No findings of significance were identified.

2OS3 Radiation Monitoring Instrumentation and Protective Equipment (71121.03 - 1 sample)

a. Inspection Scope

The inspector reviewed the program for installed radiation monitoring instrumentation to determine the accuracy and operability of the instrumentation. This inspection activity represents the completion of one

(1) sample relative to this inspection area (i.e.,

inspection procedure section 02.03).

During the plant tour described in Section 2OS1, the inspector verified the overall condition, operability, and calibration status of selected, installed area and process radiation monitors, and any accessible local indication information for those monitors.

The inspector also subsequently reviewed associated calibration documents for various instruments evaluated during the inspection. (See also the List of Documents Reviewed section).

The inspector reviewed selected documents (as listed in the List of Documents Reviewed section) for regulatory compliance and adequacy, against criteria contained in 10 CFR 20.1501, 10 CFR 20 Subpart H, Technical Specifications, and site procedures.

b.

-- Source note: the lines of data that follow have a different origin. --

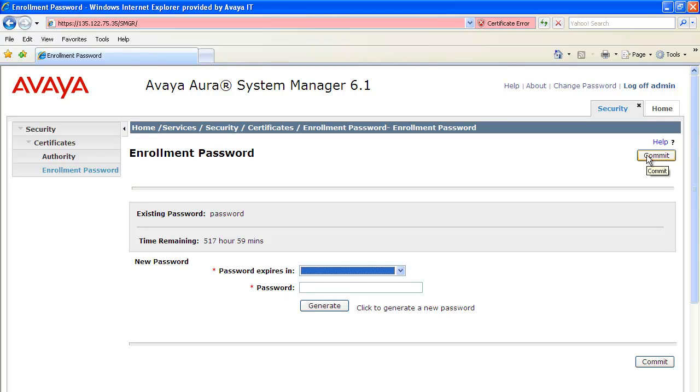Next step is to enter the enrollment password that we just created in System Manager during the Session Manager install. Let's see a quick demo of how this is accomplished.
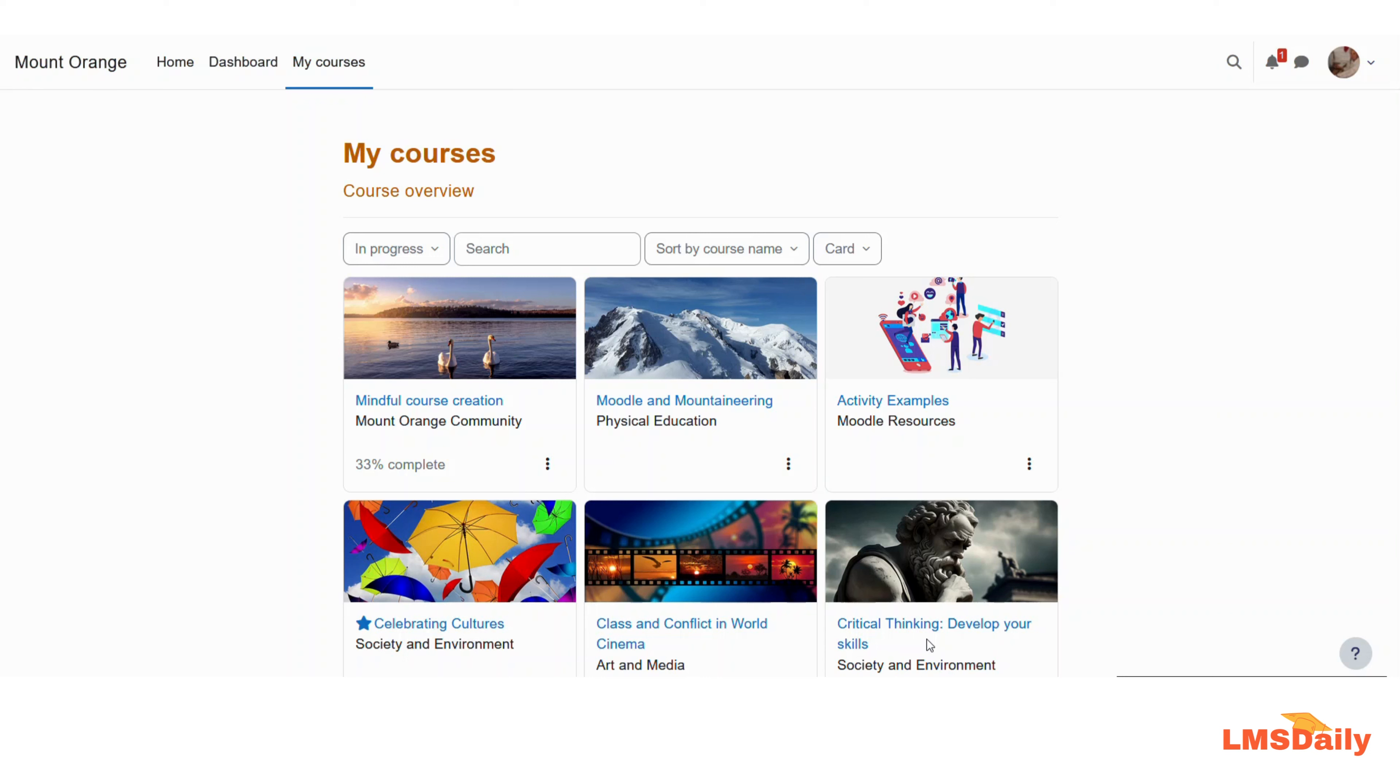This is a new feature introduced in Moodle 4.2 version. As you can see now, I am logged into my Moodle course as a teacher, and now I will just go to the Moodle course here.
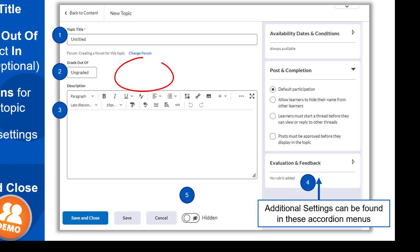Notice there isn't a due date option for discussions like we had for assignments. This is intentional. In Brightspace, discussion topics do not have due dates. This is because oftentimes instructors will use two due dates for discussions: the date by which the initial post must be completed, and the date by which the replies to other students must be completed. Because of the inability for Brightspace to support two different due dates, they simply just don't have the option.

Findings

No findings of significance were identified.

OTHER ACTIVITIES

4OA1 Performance Indicator Verification

1. RETS/ODCM Radiological Effluent Occurrences (RETS/ODCM)

=

a. Inspection Scope

On October 21, the inspector selectively examined records involving Radiological Effluent Technical Specification/Offsite Dose Calculation Manual (RETS/ODCM) radiological effluent occurrences. This examination covered the time period from the second quarter of 2002 through the third quarter of 2003. This review was conducted against the applicable criteria specified in Nuclear Energy Institutes (NEI) Regulatory Assessment Performance Indicator Guideline No. 99-02, Revision 2. The inspector verified that all conditions that met the NEI criteria and impacted the Performance Indicators were identified by the licensee. The inspector performed a selective examination of records (See List of Documents Reviewed section) for regulatory compliance and adequacy. The inspector also discussed the reviewed records with the two radiation specialists responsible for the effluent dose program.

b. Findings

No findings of significance were identified.

2.

RCS Identified Leak Rate (2 samples)

a. Inspection Scope

The inspectors reviewed the Unit 1 and Unit 2 Performance Indicators (PI) for unidentified RCS leak rate for the period December 2002 through November 2003. The accuracy of reported data was verified by reviewing selected monthly operating reports, shift operating logs, Licensee Event Reports (LERs), and surveillance tests. The inspectors reviewed detailed records to determine whether the reported RCS leak rate data was consistent with NRC approved guidance, provided in NEI 99-02, Rev. 2, Regulatory Assessment PI Guideline.

b. Findings

No findings of significance were identified.

3.

RCS Specific Activity (2 samples)

a. Inspection Scope

The inspectors reviewed the Unit 1 and Unit 2 PIs for RCS specific activity, for the period December 2002 through November 2003. The accuracy of reported data was verified by reviewing the results from TS sampling, other chemistry samples of the RCS, and supporting calculations and calculation methodology. The inspectors verified the reported RCS specific activity data was consistent with NRC approved guidance provided in NEI 99-02, Rev. 2, Regulatory Assessment PI Guideline.

b. Findings

No findings of significance were identified.

4.

Residual Heat Removal Safety System Unavailability (2 samples)

a. Inspection Scope

The inspector reviewed the Unit 1 and 2 performance indicators for the systems that provide post-accident recirculation and shutdown cooling functions. The specific systems reviewed included the Unit 1 low head safety injection, recirculation spray, residual heat removal systems and the Unit 2 recirculation spray and residual heat removal systems.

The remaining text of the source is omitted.